Simpson & Brown was appointed by the newly formed Tyne & Wear Building Preservation Trust in 1980, to deliver a strategy for the repair of two buildings for office use. A first stage of work, including structural and external repairs, was completed in 1983. Funding then failed and the buildings stood empty for thirteen years. With new support from the Heritage Lottery Fund, the work was resumed and completed in 1997-98. The house remains in the ownership of the Trust.
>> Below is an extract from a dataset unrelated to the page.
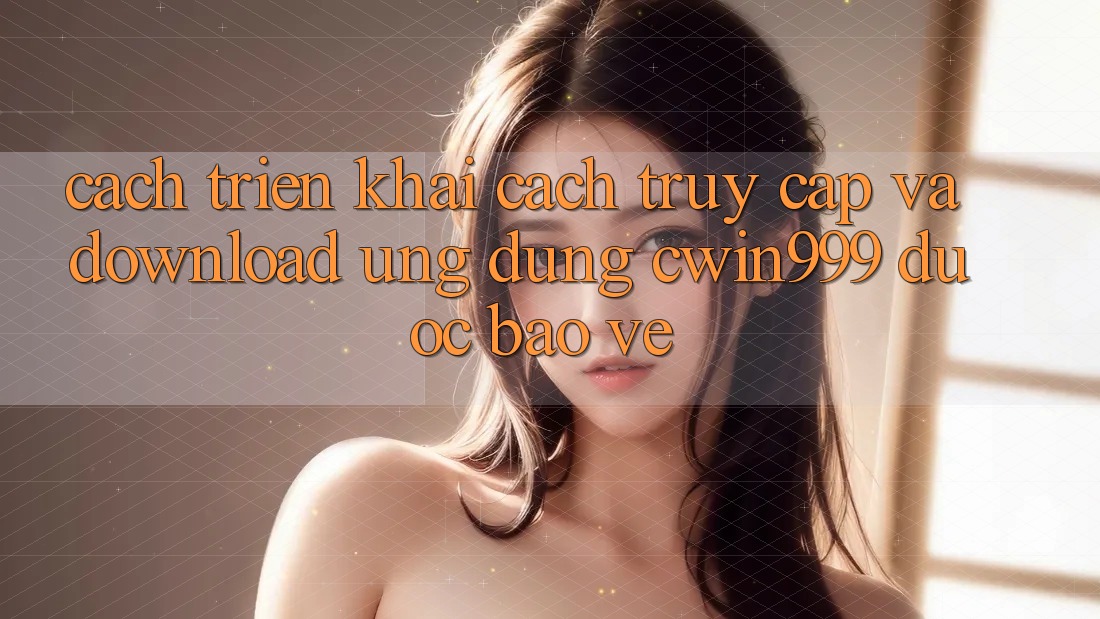 Cách triển khai Cách Truy Cập Và Download Ứng Dụng Cwin999 Được bảo vệ Cách triển khai Cách Truy Cập Và Download Ứng Dụng Cwin999 Được bảo vệ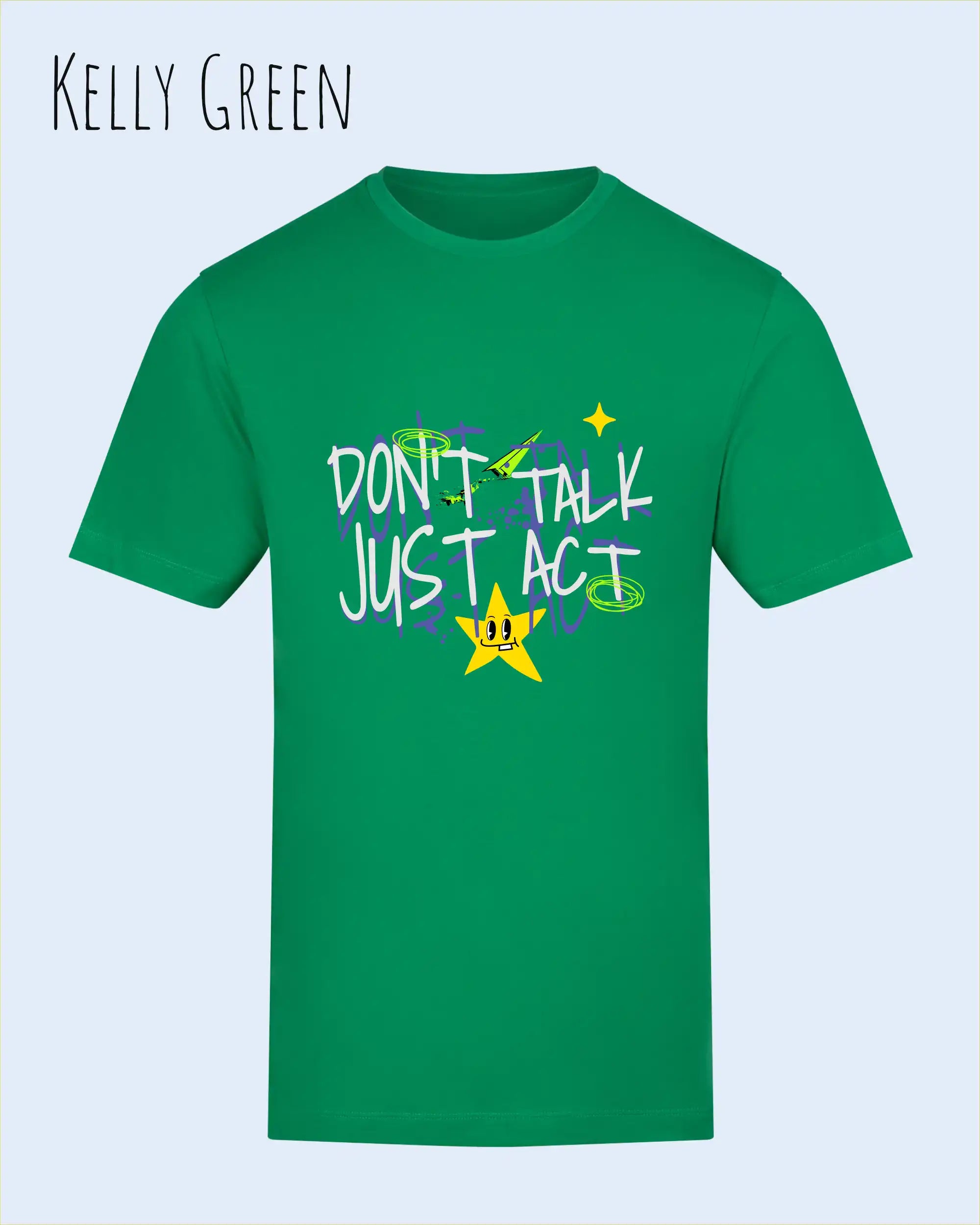 Das Bild zeigt das Baumwolle Unisex T-Shirt AWDis 150 T in der Farbe KELLY GREEN mit dem STATEMENT Design DON’T TALK JUST ACT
This house at 98 Pilgrim Street is one the most important mercantile town houses in any city in the North of England. With medieval origins, it occupies two burgage plots on the main route to the North and seems to have been substantially built in the mid seventeenth century. The oak stair, rising into the lantern tower to give access to the leads - a close relative of the famous "black staircase" in Durham Castle and the ceiling of the "Great Room" are of this period. There was further work in the late seventeenth and early eighteenth centuries, including the introduction of sash windows and the panelling of the "Great Room", and its ownership was attributed in Corbridge's 1723 map of Newcastle to "Alderman Fenwick" - a fact not entirely born out by documentary research, but the name, like that of John Knox's House, has stuck. It became the Queen's Head, an important coaching inn on the Great North Road in the late eighteenth century, and the Newcastle Liberal Club in the 1880s, by which time it had been united with no. 100 next door. The Liberals left in 1962 and by the late 1970s the buildings, then owned by the City, was derelict and poor condition. Fortunately consent for demolition was refused, and the council Trust took the building on.
The work was philosophically and technically challenging and the quality of the result is a testament to the great goodwill which the project received, to the quality and traditional attitudes of contractors and tradesmen, and that the work was unhurried and, in the end, well funded.